This is not the only part of his force; three other groups of infantry are in the region, one of six hundred regulars of the RACC and three thousand native levies, one of one hundred regulars and militia and two thousand levies (under Major Alexander Gordon Laing), and a third of three hundred regulars and militia and six thousand levies.
The plan is for the four groups to converge and then engage the enemy with overwhelming force.
On the night of the 20th, still without having joined forces with the other three groups, MacCarthy's force had camped by a tributary of the Pra River.
The next day, at around 2pm, they encounter a large enemy force of around ten thousand men; believing that the Ashanti army contained several disaffected groups whose chiefs are willing to defect, MacCarthy instructs the band to play the God Save the King loudly.

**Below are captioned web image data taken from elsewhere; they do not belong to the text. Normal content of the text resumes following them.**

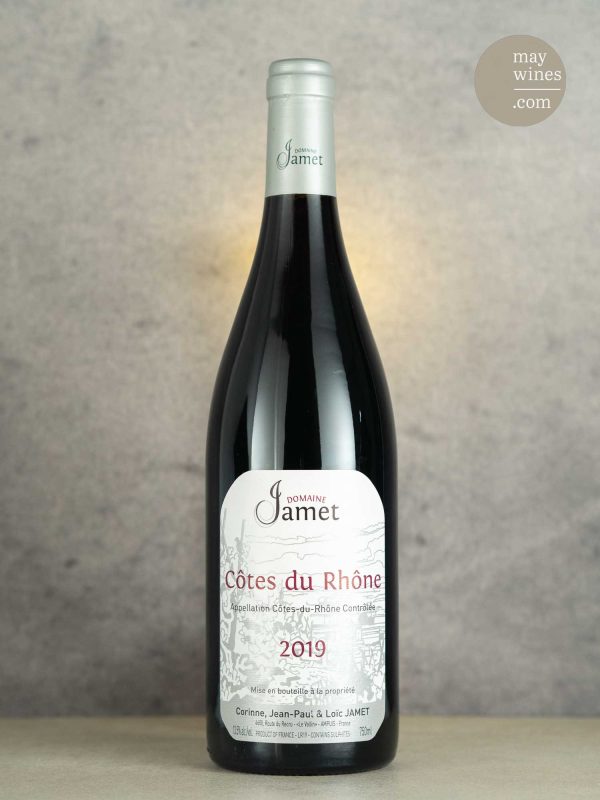 May Wines – Rotwein – 2019 Côtes du Rhône rouge - Domaine Jamet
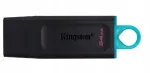 KINGSTON DataTraveler Exodia USB m&auml;lupulk 64 GB, USB 3.0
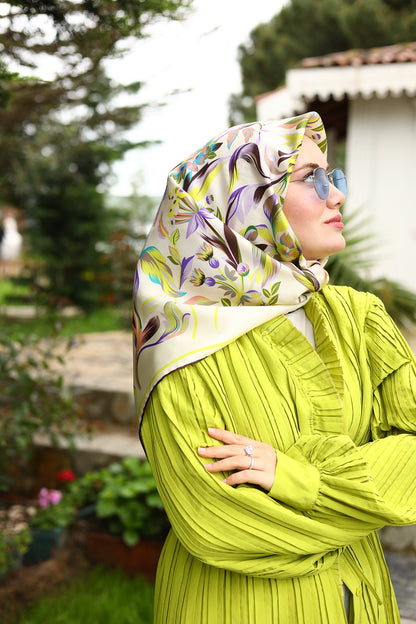 Silkhome Twill Silk Scarf 11430-04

The Ashanti respond by approaching closer, beating war drums, and his beliefs are swiftly dispelled.
Fighting starts shortly thereafter; the two sides are separated by a sixty foot (eighteen meter)-wide stream, which the Ashanti attempt to cross by felling trees for bridges.
The British at first shoot the Ashanti who try to cross the exposed tree trunks.
However, the British forces are lightly supplied; the bearers bringing the supplies up in the rear, which include most of the gunpowder and ammunition, mostly flee after hearing the firing in the distance and encountering deserters straggling back.
Four cases of supplies arrive; the first is opened and the shot inside is distributed, but the other three are found to contain only macaroni.
As the British run out of ammunition, the Ashanti advance across the river.
Most of the Fante militia flee, and the British who stand and fight are overwhelmed in hand-to-hand combat.
MacCarthy, along with the ensign and his secretary, attempts to fall back; he is wounded by gunfire, however, and kills himself rather than be taken prisoner.
The Ashanti behead MacCarthy's body, then, out of respect for his courage, they cut out his heart and eat it.
MacCarthy's gold-rimmed skull will be later used as a drinking-cup by the Ashanti rulers.
Ensign Wetherell is killed while trying to defend MacCarthy's body, and Williams taken prisoner.
On his return, he will relate that he had only survived through being recognized by an Ashanti chief for whom he had done a small favor, and was spared; he will be held prisoner for several months, locked in a dwelling which he shares with the severed heads of MacCarthy and Wetherell, kept as trophies of war.